Vic's attempts to stay one step ahead of not only his superior, David Aceveda (who is fully aware of Vic's criminality), but of IAD, various drug lords, gangsters and other criminals, all while trying to be a caring father and family man, are prominent plot devices throughout the series.

====Murdering Terry Crowley====
In the pilot episode, Vic murders the fifth and newest member of his team, Detective Terry Crowley. Crowley had been sent by Captain David Aceveda and the Justice Department to build a Federal case against the Strike Team for colluding with drug lord Rondell Robinson. Vic is secretly warned of this by his friend, Assistant Chief Ben Gilroy. Vic and Shane both agree to murder Crowley for his betrayal and to ensure their freedom. During a raid on the house of drug dealer "Two Time," Vic kills Two Time, but then picks up Two Time's gun and shoots Crowley in the face. Vic and Shane then rig the crime scene evidence, claiming that Two Time stepped out of the bathroom, shot Terry, and was slain by their return fire. This sets in motion events that loom over the Strike Team throughout the series. Shane expresses remorse and guilt in the aftermath of the murder, but Vic remains stoic, though he would later express his own feelings of regret about it. Aceveda is convinced of Mackey's guilt in the murder, but is unable to prove it.

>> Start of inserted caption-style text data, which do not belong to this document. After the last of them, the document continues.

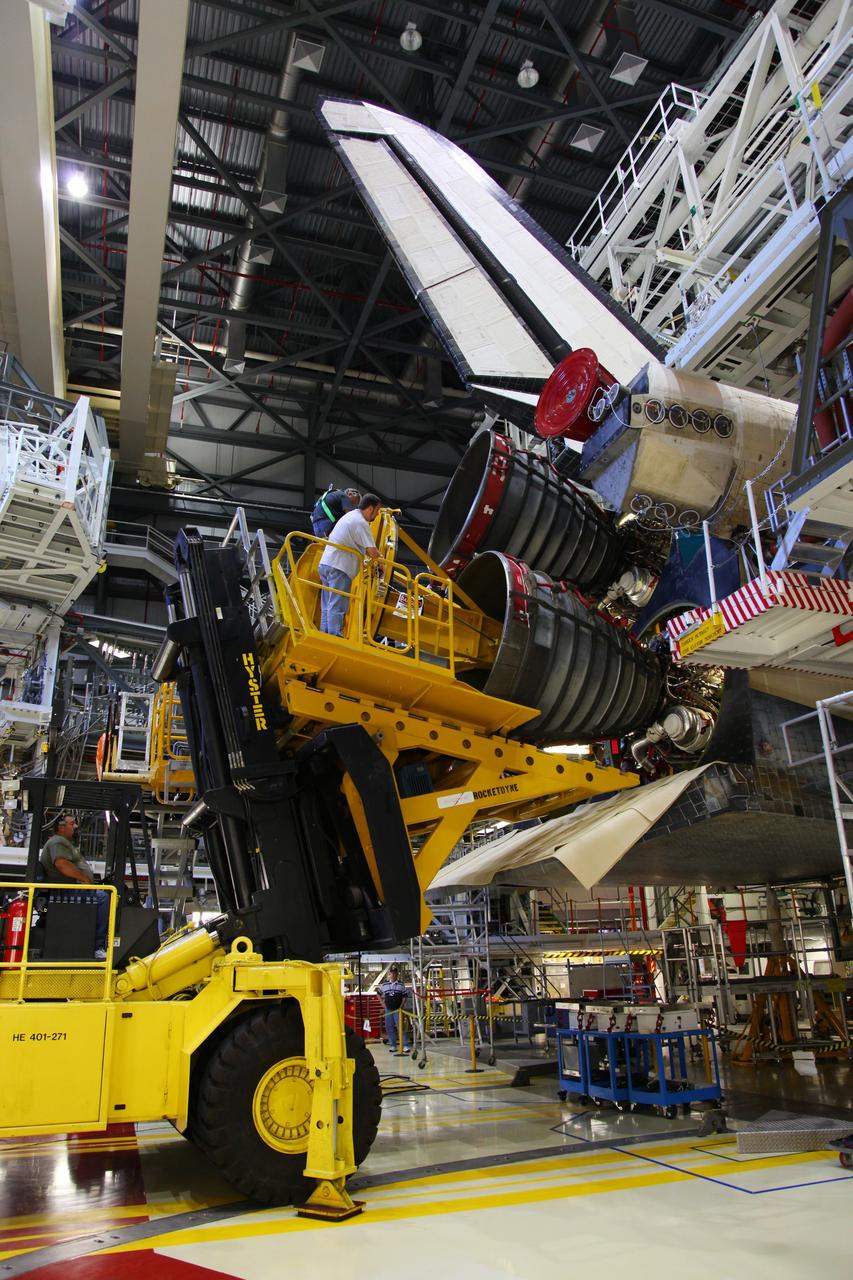 CAPE CANAVERAL, Fla. -- In Orbiter Processing Facility-2 at NASA’s Kennedy Space Center in Florida, technicians use a Hyster forklift to position an engine removal device on Engine #3 on space shuttle Atlantis. The forklift will be used to remove the engine and transport it to the Engine Shop for possible future use. Each of the three space shuttle main engines is 14 feet long and weighs 7,800 pounds. Removal of the space shuttle main engines is part of the Transition and Retirement work that is being performed in order to prepare Atlantis for eventual display at the Kennedy Space Center Visitor Complex in Florida. Photo credit: Frankie Martin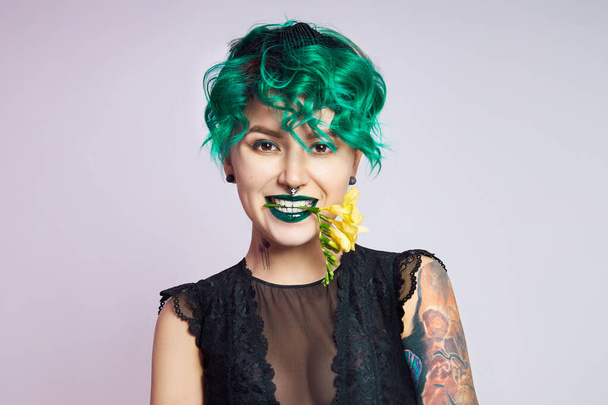 Woman with creative green coloring hair and makeup, toxic strands of hair. Bright color curly hair on the girl head, professional makeup. Woman with tattoo - Zdjęcie, obraz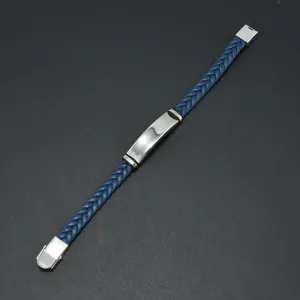 Macro view of blue braided leather bracelet with silver stainless steel ID plate.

====Robbing the Armenian Mob====
At the conclusion of the second season, Mackey and the Strike Team rob the 'Armenian money train' - a train transporting the bi-yearly illegal profits of the Armenian mob out of Los Angeles. Mackey justifies this crime by stating the money is better off in the Strike Team's pockets, to be spent on their families, than in the hands of the Armenians. Lemansky is the only member of the team to show reluctance at partaking in the robbery, but does so anyway. Like the Crowley murder, the fallout from the money train robbery lingers over the team throughout the series.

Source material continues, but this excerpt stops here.